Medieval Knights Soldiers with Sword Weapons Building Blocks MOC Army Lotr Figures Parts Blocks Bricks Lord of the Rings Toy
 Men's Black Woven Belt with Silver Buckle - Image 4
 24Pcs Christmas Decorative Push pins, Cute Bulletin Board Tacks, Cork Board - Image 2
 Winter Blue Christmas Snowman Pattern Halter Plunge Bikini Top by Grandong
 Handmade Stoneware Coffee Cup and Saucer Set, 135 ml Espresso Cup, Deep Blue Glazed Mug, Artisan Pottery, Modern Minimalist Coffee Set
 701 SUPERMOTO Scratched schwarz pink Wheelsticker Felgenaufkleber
- - - -
[DIRECTIONS FOR THIS TASK]
Filter the entries above down to the lines that hold the word "Image", and copy those lines.

[EXPECTED ANSWER]
 Men's Black Woven Belt with Silver Buckle - Image 4
 24Pcs Christmas Decorative Push pins, Cute Bulletin Board Tacks, Cork Board - Image 2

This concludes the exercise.